Oh, this is my favorite part! While nerds keep praising their modular setups, my best investments of all instruments I own was a pair TOCA congas. God knows how many gigs and touring it endured, and of 500$ I made thousands. In difficult times I sold the synths, even the beloved ones, but I never even thought about selling my Music Man 5 String bass. Some instruments are for the lifetime. I still have a collection of gongs and bells I bought in Ladakh (and a collection of stories that come along), or a set of tabla that I studied in India and use sometimes even in edits. Now is the era of sound libraries and emulation, but some things aren’t or will never be covered. 

Which five songs are most important in having influenced your musical career and your sense of style?

This is the question I hate to answer – partially because my mind refuses to single out just 5 or 10 or 20 songs that influenced me, or rather the musical pieces that influenced me the most were not songs at all! Yes, there were tracks like Underworld’s epic “Born Slippy” that was kind of turning point, but the music that influenced me on much deeper level belongs to ones like Keith Jarrett or Hariprasad Chaurasia. Sure, this is a personal level, hardly to be in touch with dance-oriented music, but those influences are more important to me than any of the charted DJ anthems.

Roughly you can divide your edits into three categories:
Deep groovers like “Right Size” and “Like It Is”
Melodic and uplifting: “Always Wanted To Sing” and “Disco Dancer”
Slow and gentle: “Slave To Love”, “Dawn”
And then there are the curve balls like “Not Unusual”. You really reach wide with genres and different takes. Yet there is almost always a distinct sound, often ascending bleeps and bloops. How would you define your own sound and approach? 

Roughly indeed. See, we are living in the world of unstable mind.
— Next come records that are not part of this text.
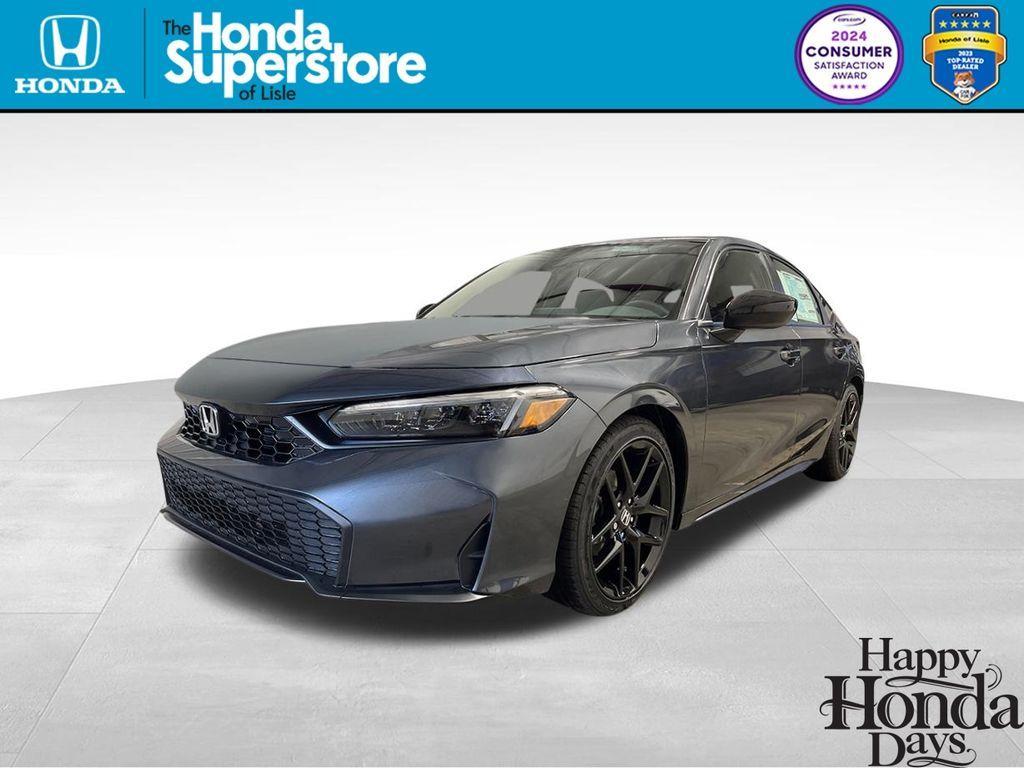 new 2026 Honda Civic car, priced at $28,990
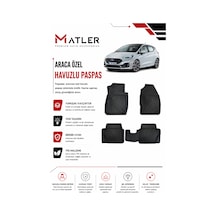 Ford Fiesta 2018 Model 4d Ekstra Havuzlu Paspas
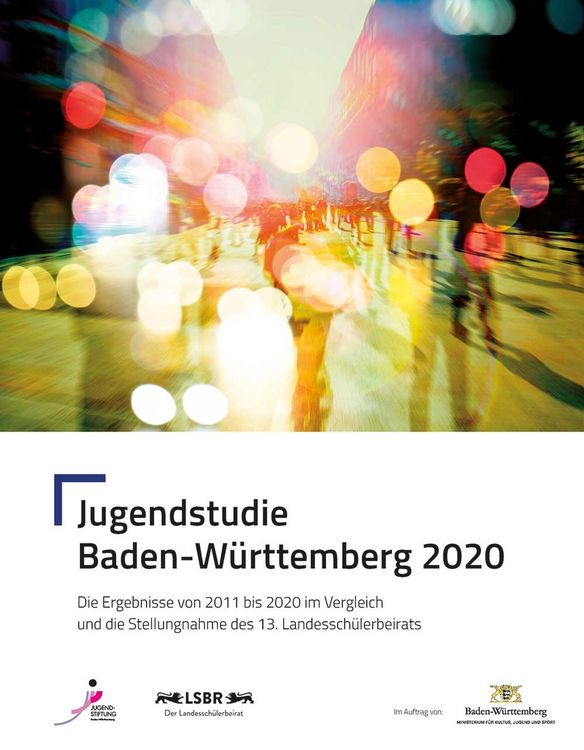 Produktbild: Jugendstudie Baden-W&uuml;rttemberg 2020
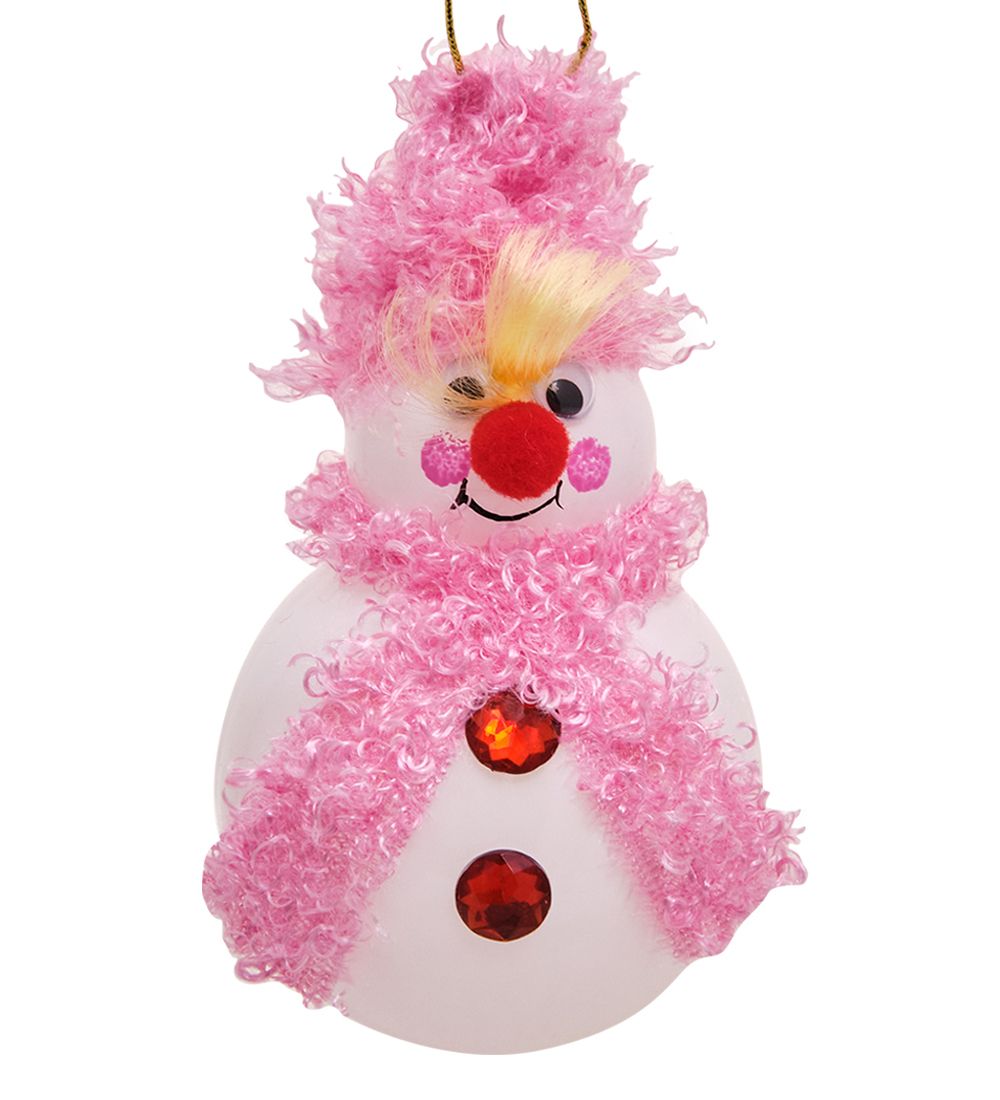 Элита НФ-043/3 Фигурка «Снеговик» ёлочное украшение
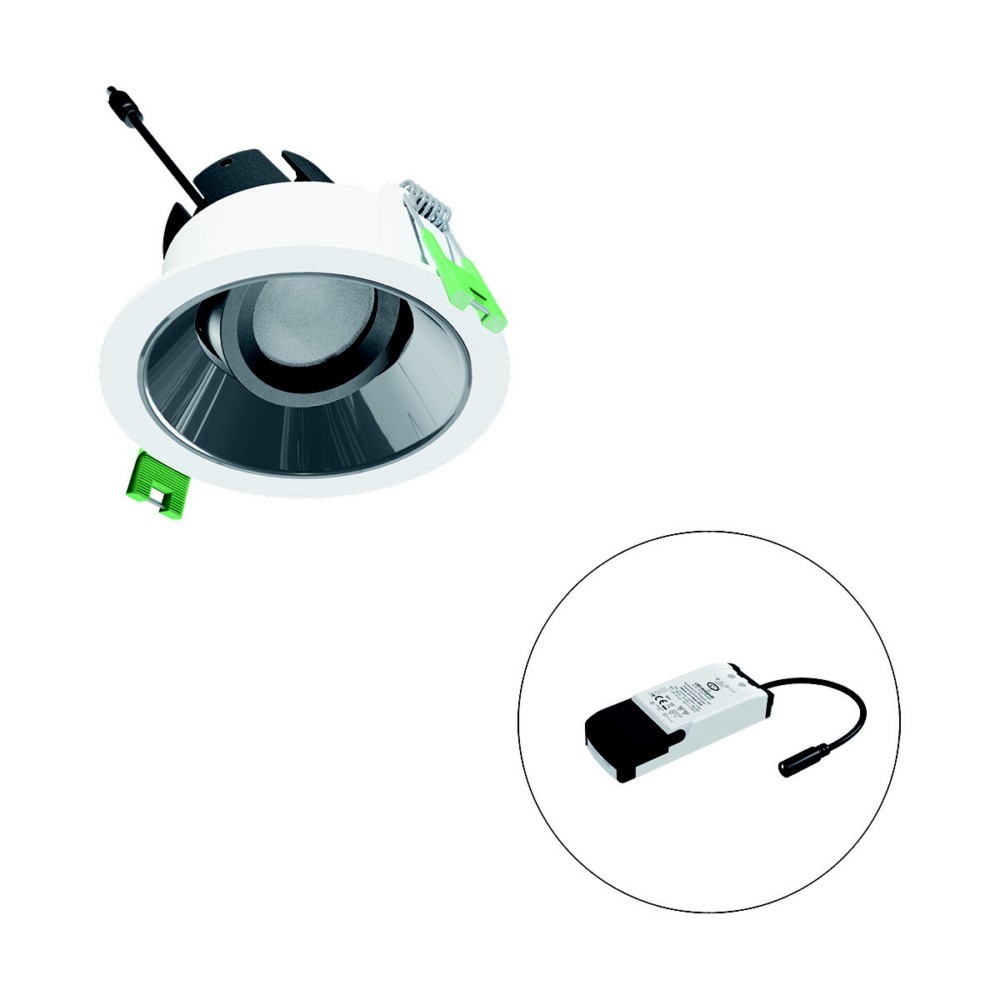 EVN Lichttechnik LED-Einbauleuchte modular F05R11SM0640L24P EVN Lichttechnik LED-Einbauleuchte modular F05R11SM0640L24P von EVN Lichttechnik
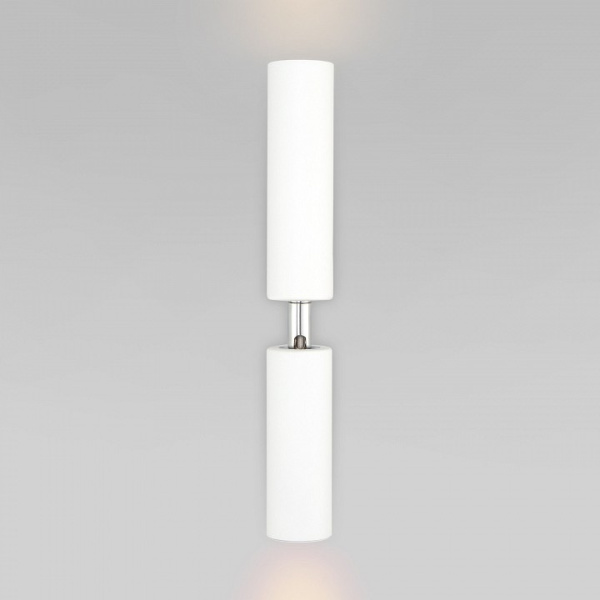 Открыть Бра с подсветкой Eurosvet Pitch 40020/1 LED белый Фото Бра с подсветкой Eurosvet Pitch 40020/1 LED белый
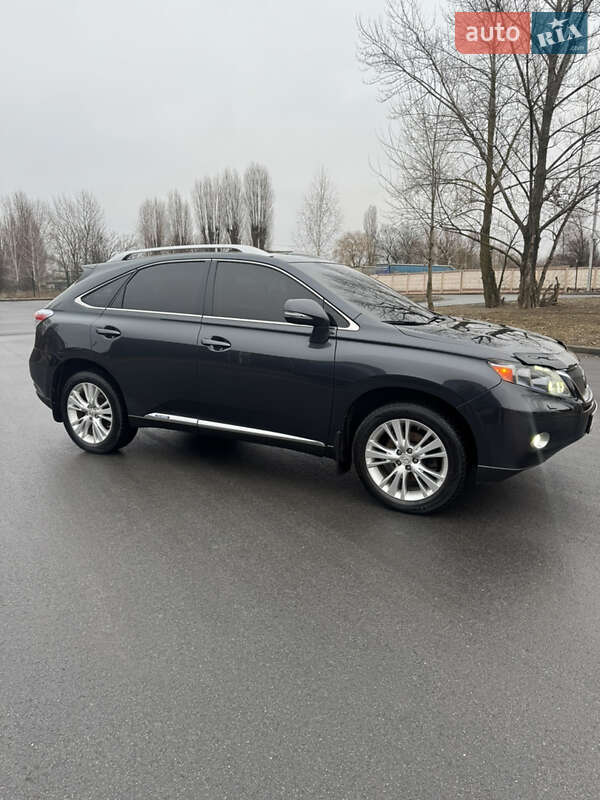 Позашляховик / Кросовер Lexus RX 2009 в Чернігові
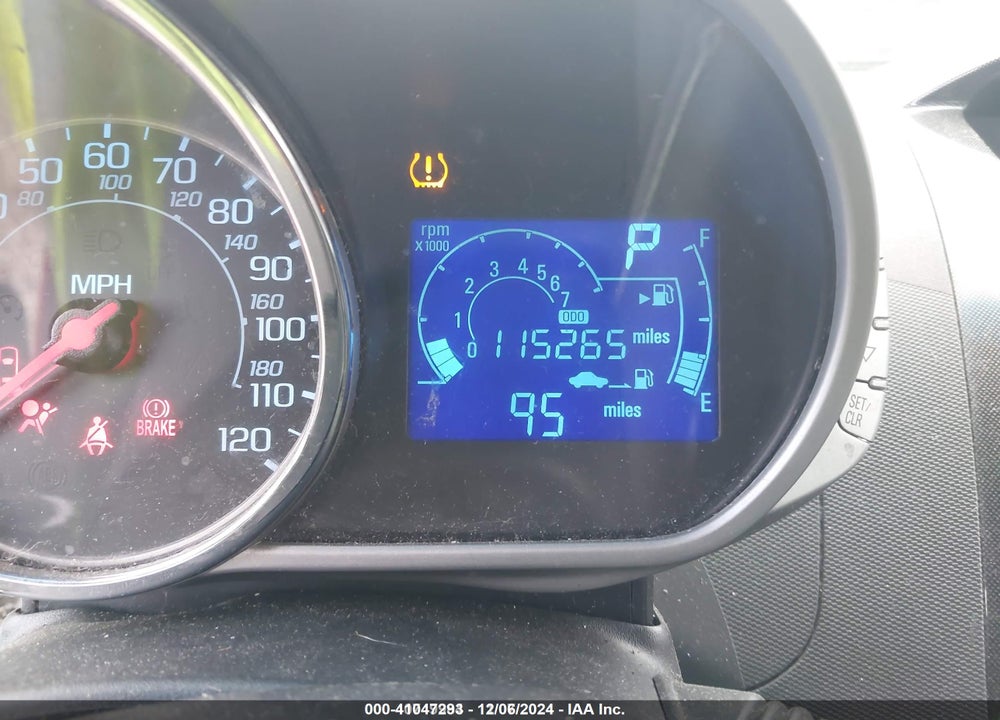 2014 CHEVROLET SPARK VIN: KL8CB6S97EC455495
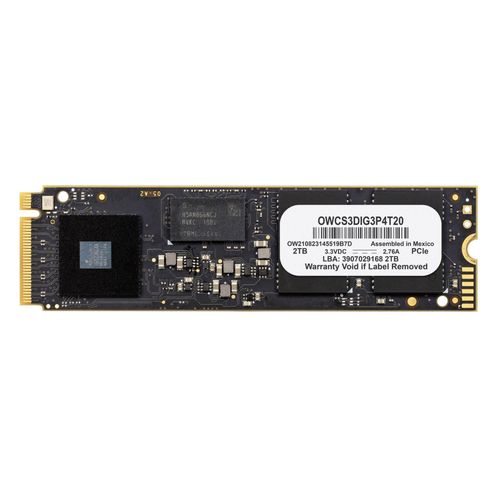 Ssd 500gb 7.4/6.8 Aura Pro Iv M.2 Owc | Ab Macos 10.13 High Sierra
People can hardly live a day and stay focused on one thing, everyone is constantly distracted and actually wants to stay distracted – imagine you’d be limited to one or two images on your Instagram per day: the whole thing is based on a flow, everything is shaped to keep you going. So current musical situation is much a reflection of this phenomena – there are DJ’s who never replay a track that they had played once, and I bet they wouldn’t run out of material in the observable future. So, to resolve this for myself – I keep the form which like a timeline in Facebook, quite recognizable, with certain rules and I keep filing it with the types of messages, as wide as the world can get. Sort of.

What are you steering towards for V’s edits currently? We’ve been rocking, dancing, a trip to Africa. What can your fans expect as your next move?

Oh, there’s a brand-new Funk We Dance in the series, right on the top line, with some of the tracks that I was looking for an option to put out. See, if you aren’t a true funk band, releasing a funk record hardly makes sense – it all becomes rather acid-jazz, but not funk. But in this one I managed to balance some label’s classics with the new cuts, different in sound, much under the idea of mid-tempo, relaxed, psychedelic and ultimately grooving collection of tracks. As per usual – many variations on the father-style of the real dance music. 

Vehicle recently released the next excursion in the Boogie Box series and The Brits, paying homage to the British music scene. Both have topped the charts on Junodownload.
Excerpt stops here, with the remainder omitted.